1. This appeal by special leave is directed against the judgment of the High Court of Rajasthan in criminal appeal No. 202 of 1965 on its file, wherein the High Court allowed the appeal filed by the State and set aside the order of acquittal made by the trial court and convicted the appellant under Section 302 IPC and sentenced him to suffer, imprisonment for life.
2. The prosecution case is that the appellant cut and killed his wife Dalip Kaur on the night of 22nd/23rd of December, 1963. It is brought out in the evidence that on the night in question the appellant and his wife were sleeping inside their room. The father of the deceased, who was sleeping outside, heard shrieks in the middle of the night and thereafter he saw the appellant rushing out of the room. He questioned him as to what had happened. Then he told him that he had killed his wife and that if he came in the way he would also meet the same fate. So saying, he left the place and went away. Inder Singh, the father of the deceased, informed the brothers of the appellant as well as the Sarpanch of the village as to what had happened. Several villagers gathered at the scene of the occurrence. The appellant returned to his house in the early morning of the 23rd. Meanwhile information had been sent to the morning of the 23rd along with Dr Kamal Nayan. At that time, the doctor found on the dead body of the deceased as many as eight injuries. The appellant had also two injuries on his person. After investigation, the appellant was charged with the murder of his wife.
3. During the trial of the case, the appellant took the plea of self-defence. According to him, while he was sleeping on his cot on the night in question, at about midnight, the deceased gave a blow to him with a Nihani. Then he got up. His wife again gave a blow with the Nihani, on his neck. At that stage he gave a push to her. She fell down on the cot. She again stood up. Then he picked up an axe which was lying there and pushed her again as a result of which she fell down on the cot. While she was lying on the cot, he gave her two or three blows with the axe as a result of which she died. Thereafter he placed her dead body on the cot and covered the same with a quilt. After that he left the axe there and started for the police station. When he covered about 3/4 Murabbas, he fell down. He regained consciousness in the morning and then returned to his house.
4. From the prosecution evidence as well as the statement of the appellant made under Section 342, CrPC, it is clear that the appellant was responsible for causing the injuries found on the person of the deceased which resulted in her death. Thereafter, the only question that arises for decision is whether the appellant has satisfactorily established his plea of self-defence, the burden of establishing that being on him.

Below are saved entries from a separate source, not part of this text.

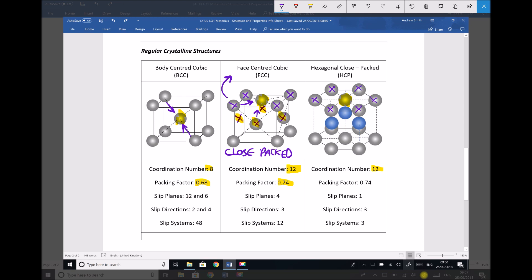That atom would also be in contact with a further 3 atoms on the layer below. We need to visualise these three repeating as part of the next cell, so our central atom would be in contact with another 3 atoms as a result. 3 plus 6 plus 3 gives us our coordination number of 12 for the hexagonal close-packed structure.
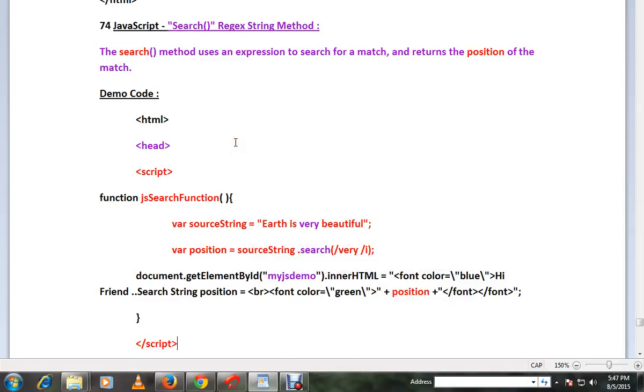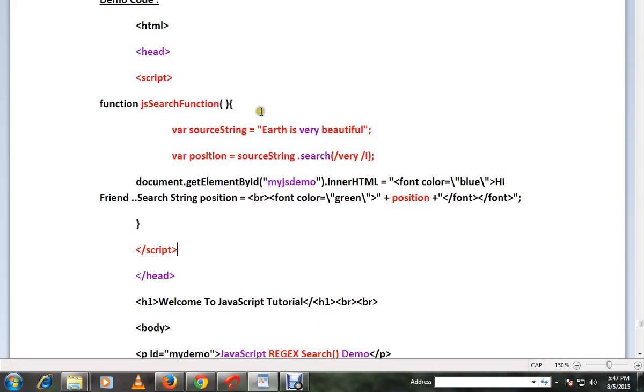Hi friends, in this video I'm going to talk about the search method using regex in JavaScript. The search method uses an expression to search for a match and returns the position of the match. Look at this simple code example.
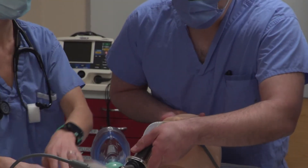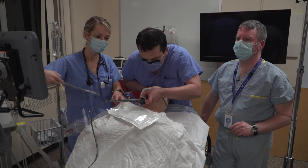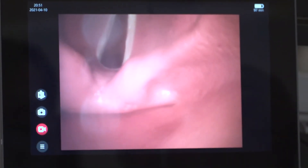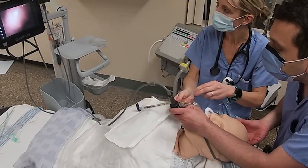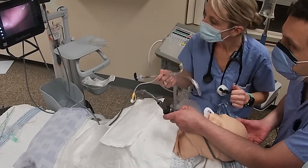Once the glottic view is obtained, with one person using both hands to get the best view of the glottic opening, the second person can use both their hands to manipulate the endotracheal tube with the rigid stylet to align the tube tip for insertion. Upon placing the tube, the proper depth can be confirmed using the black lines on the tube — one in and one out.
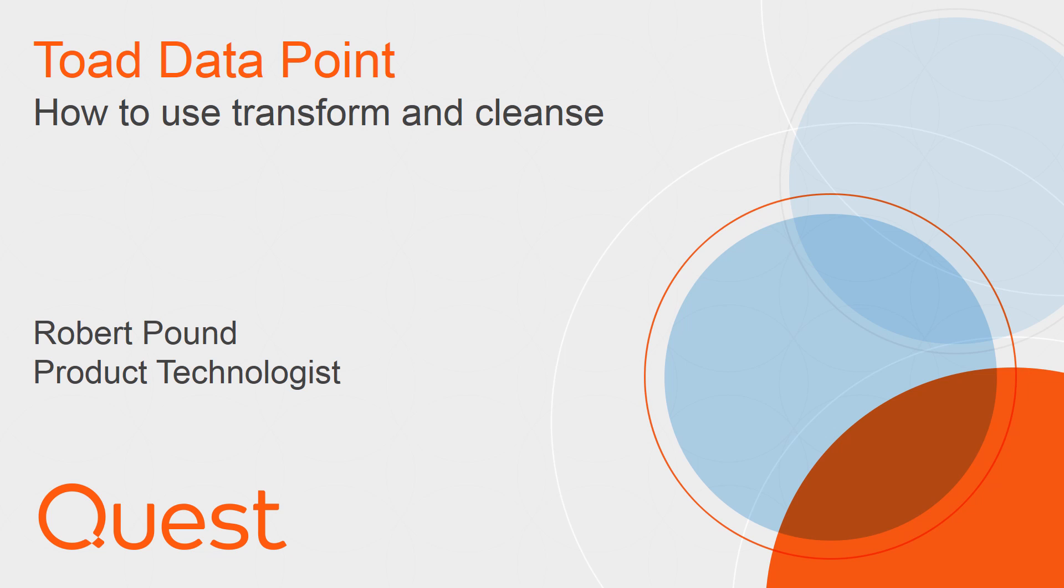Hello, my name is Robert Pound and I am a product technologist from Quest. In this video, I'd like to talk to you about Transform and Cleanse in Toad Data Point.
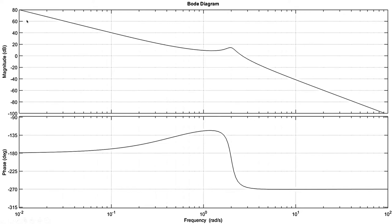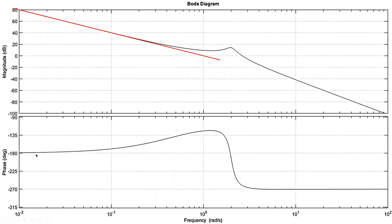Now I draw the tangent line for the first part of the graph — shown as the red line. For the second part of the magnitude plot, the black line is not decreasing as fast as in the first region, so something is happening. There must be a zero causing the gain to catch up and start increasing. I can confirm this by looking at the phase plot: the phase started at minus 180 degrees and then started to increase, becoming less negative.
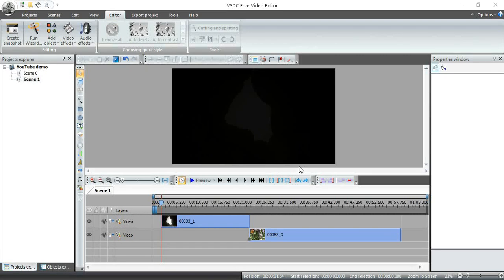Hey guys, it's John of Figurative Arc. This is part four in a series looking at the VSDC Free Video Editor. Part four, we're going to be adding audio files and applying effects. So let's go ahead and get started.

5. The following circumstances are extremely important in determining the plea taken by the appellant: It must be noticed that the body of the deceased was found in a sleeping position on a cot and the same was covered with a quilt. The explanation of the appellant as seen earlier is that after causing injuries to her he put her on the cot and covered her body with a quilt. It has to be seen whether such a conduct is consistent with the plea taken by him. If the appellant had caused injuries to the deceased in the exercise of his right of self-defence, it is most unlikely that he would have thereafter put the body of the deceased on the cot and covered the same with a quilt. The condition in which the dead body was found is consistent with the prosecution case rather than with the plea taken by the appellant.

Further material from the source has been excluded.